Sorting, Comparing, and Searching Strings

Sorting and comparing strings is more complex than first meets the eye. Not only can strings contain surrogate pairs (see Ole's article on Unicode) but sorting also depends on the locale. The corner cases are quite tricky.

Apple's String Programming Guide has a section called “Characters and Grapheme Clusters”, which mentions a few of the pitfalls. For example, for sorting purposes, some European languages consider the sequence “ch” a single letter. In some languages, “ä” is considered equal to a, while in others it should be sorted after z.

NSString has methods to help us with this complexity. First off, there's:

- (NSComparisonResult)compare:(NSString *)aString options:(NSStringCompareOptions)mask range:(NSRange)range locale:(id)locale

which gives us full flexibility. Then there are a slew of convenience functions that all map to the aforementioned method.

The available options for comparison are:

NSCaseInsensitiveSearch
NSLiteralSearch
NSNumericSearch
NSDiacriticInsensitiveSearch
NSWidthInsensitiveSearch
NSForcedOrderingSearch

These can be or'd together.

NSCaseInsensitiveSearch: “A” is the same as “a,” though in some locales more complex things happen. For example, in German, “ß” and “SS” would be equal.

NSLiteralSearch: Unicode point for Unicode-point comparison. This will only return equal (NSOrderedSame) when all characters are composed in the exact same way. LATIN CAPITAL LETTER A and COMBINING RING ABOVE is not the same as LATIN CAPITAL LETTER A WITH RING ABOVE.

NSNumericSearch: This orders numbers inside strings, so that “Section 9” < “Section 20” < “Section 100.”

NSDiacriticInsensitiveSearch: “A” is the same as “Å” and the same as “Ä.”

NSWidthInsensitiveSearch: Some East Asian scripts (Hiragana and Katakana) have characters in full-width and half-width forms.

It's worth mentioning -localizedStandardCompare:, which sorts items the same way that the Finder does. It corresponds to setting the option to NSCaseInsensitiveSearch, NSNumericSearch, NSWidthInsensitiveSearch, and NSForcedOrderingSearch. If we're displaying a list of files in any UI, this is what we should use.

Case-insensitive compare and diacritic-insensitive compare are relatively complicated and expensive operations. If we need to compare strings too many times that it becomes a bottleneck (e.g. sorting large datasets), a common solution is to store both the original string and a folded string. For example, our Contact class would have a normal name property and internally it would also have a foldedName property that would get updated automatically when the name is changed. We can then use NSLiteralSearch to compare the folded version of the name.
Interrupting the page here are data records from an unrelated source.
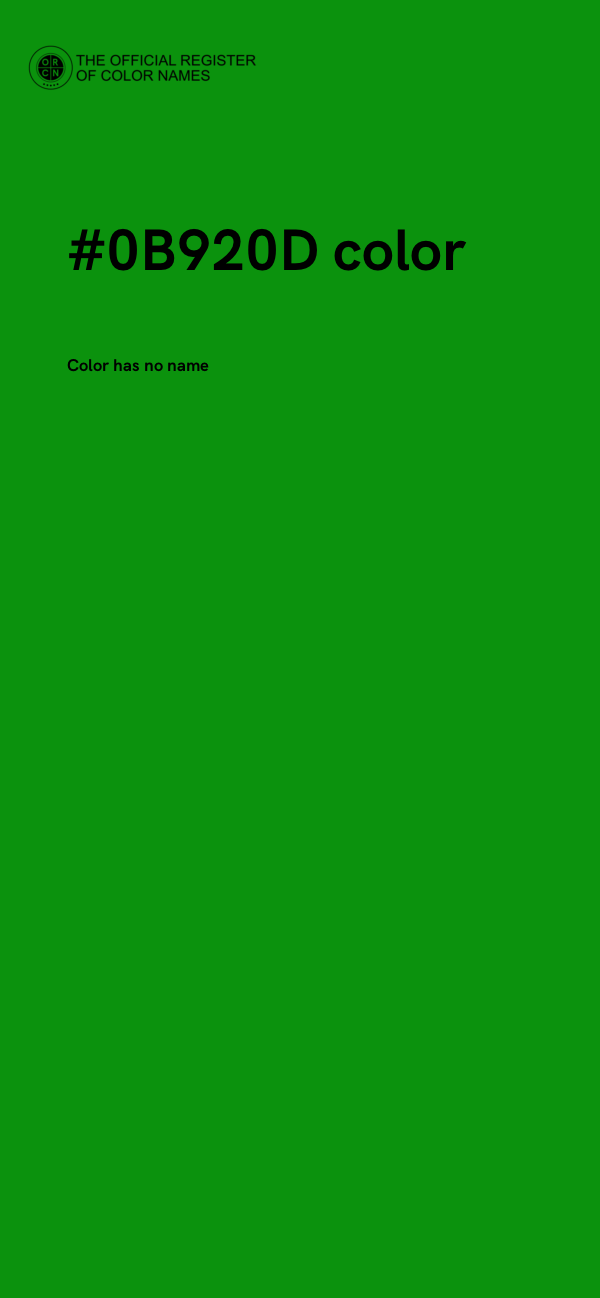 #0B920D color image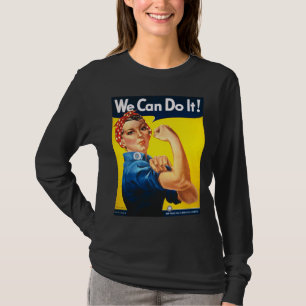 Rosie de Riveter, we kunnen het doen! T-shirt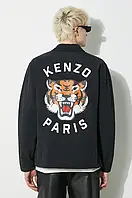 Urbanshop Куртка Kenzo Lucky Tiger Padded Coach чоловіча колір чорний перехідна FE55BL0629NG.99 РОЗМІРИ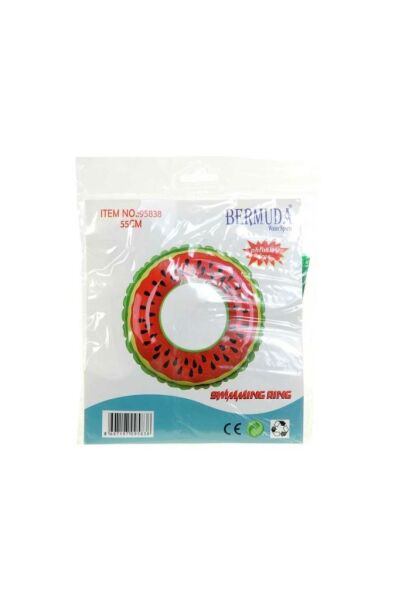 Bermuda Karpuz Desenli Simit 55 Cm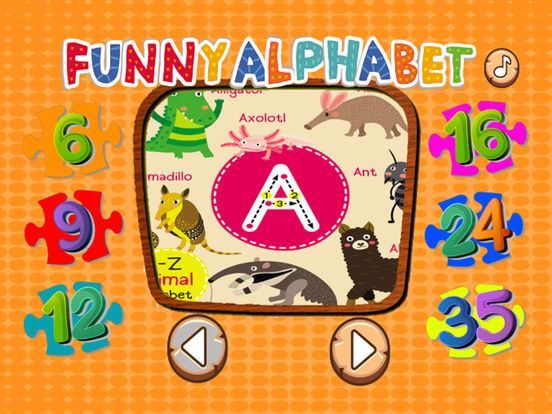App Shopper: ABC ZOO Alphabet Jigsaw Puzzle Kids Games Learning (Education)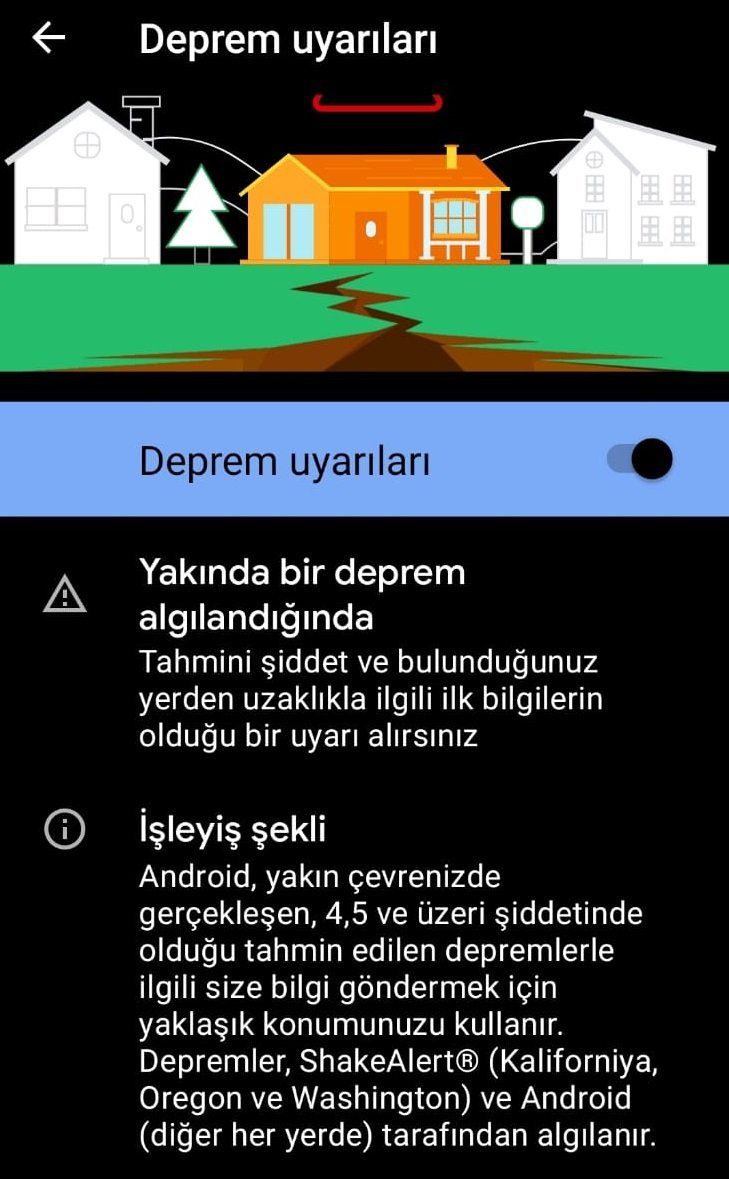 Android Deprem Uyari Sistemi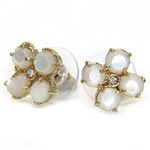 KATE SPADE（ケイトスペード） WBRUA222-110 CENTRAL PARK PANSY Studs パンジーモチーフ クリスタル・ビジュー スタッド ピアス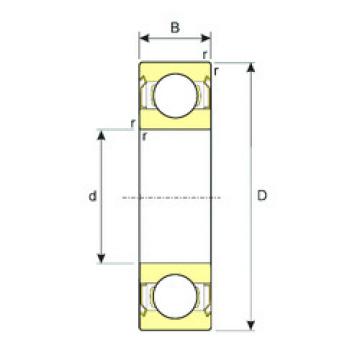 المحامل SS 61811-ZZ ISB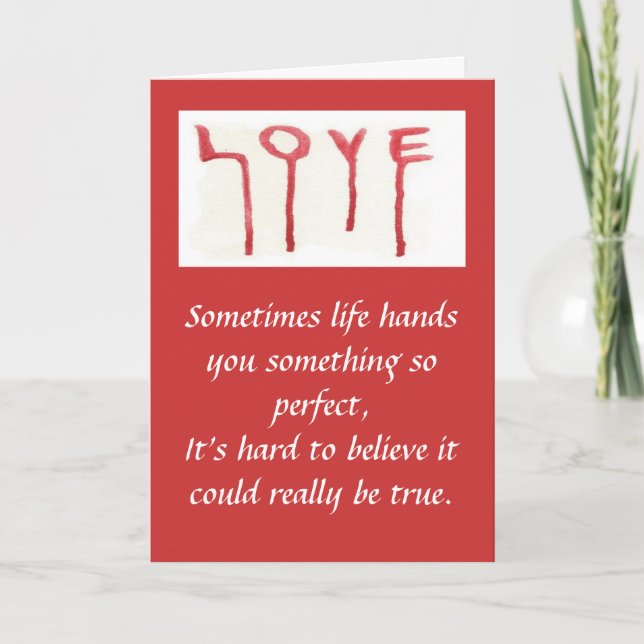 Liebe Karte (Vorderseite)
NSString has a method to create such a folded version:

- (NSString *)stringByFoldingWithOptions:(NSStringCompareOptions)options locale:(NSLocale *)locale

Searching

When searching for a substring inside a string, the method with the most flexibility is:

- (NSRange)rangeOfString:(NSString *)aString options:(NSStringCompareOptions)mask range:(NSRange)searchRange locale:(NSLocale *)locale

Again, there are quite a few convenience methods, all of which end up calling into this one. We can pass the same options listed above, as well as these additional ones:

NSBackwardsSearch
NSAnchoredSearch
NSRegularExpressionSearch

NSBackwardsSearch: Start at the end of the string.

NSAnchoredSearch: Only consider the start of the string, or (if combined with NSBackwardsSearch) only at the end of the string. This can be used to check for a prefix or suffix, as well as use case-insensitive and/or diacritic-insensitive comparison.
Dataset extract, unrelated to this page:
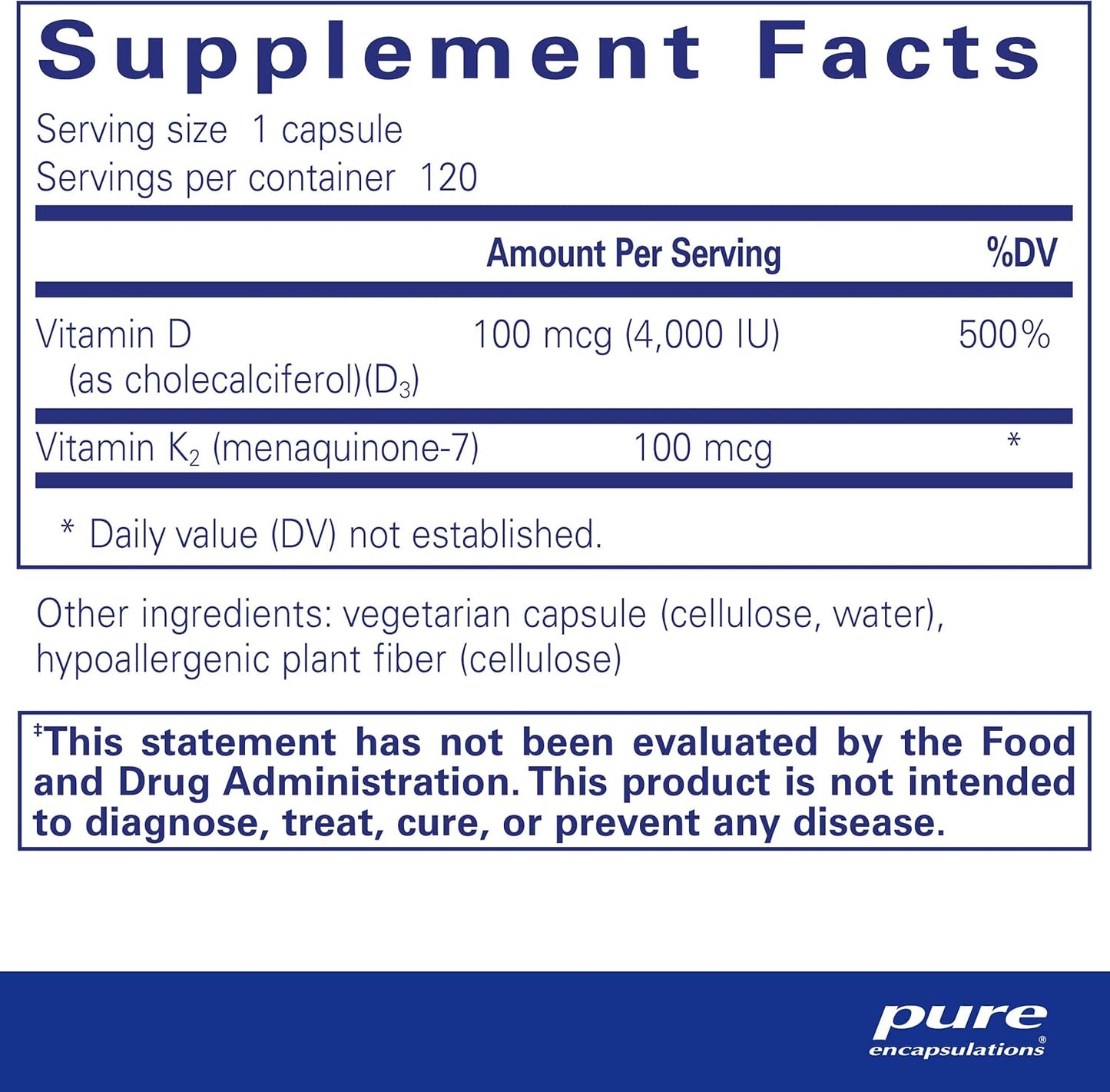 Vitamin D3 & K2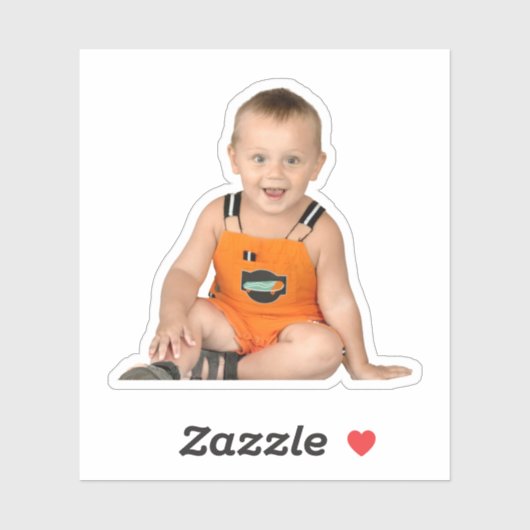 カスタム切り出し写真 シール (シート)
NSRegularExpressionSearch: Uses regular expression. See Chris's article for more information about using regular expressions.

In addition, there's also a method called:

- (NSRange)rangeOfCharacterFromSet:(NSCharacterSet *)aSet options:(NSStringCompareOptions)mask range:(NSRange)aRange

Instead of searching for a string, it searches for the first character in the given character set. Even though this only searches for one character, the length of the returned range can be larger than one due to composed character sequences.

Lower and Upper Case

We must never use -uppercaseString or -lowercaseString for strings that are supposed to be displayed in the UI. Instead, we must use -uppercaseStringWithLocale:, like so:

NSString *name = @"Tómas";
cell.text = [name uppercaseStringWithLocale:[NSLocale currentLocale]];

Formatting Strings

Analogous to the C function sprintf() (part of the ANSI C89 standard), Objective C's NSString class has these methods:

-initWithFormat:
-initWithFormat:arguments:
+stringWithFormat:

Note that these formatting methods are non-localized. They should not be used for strings to be shown in the UI. For that we need to use:

-initWithFormat:locale:
-initWithFormat:locale:arguments:
+localizedStringWithFormat:

Florian's article about string localization talks about this in more detail.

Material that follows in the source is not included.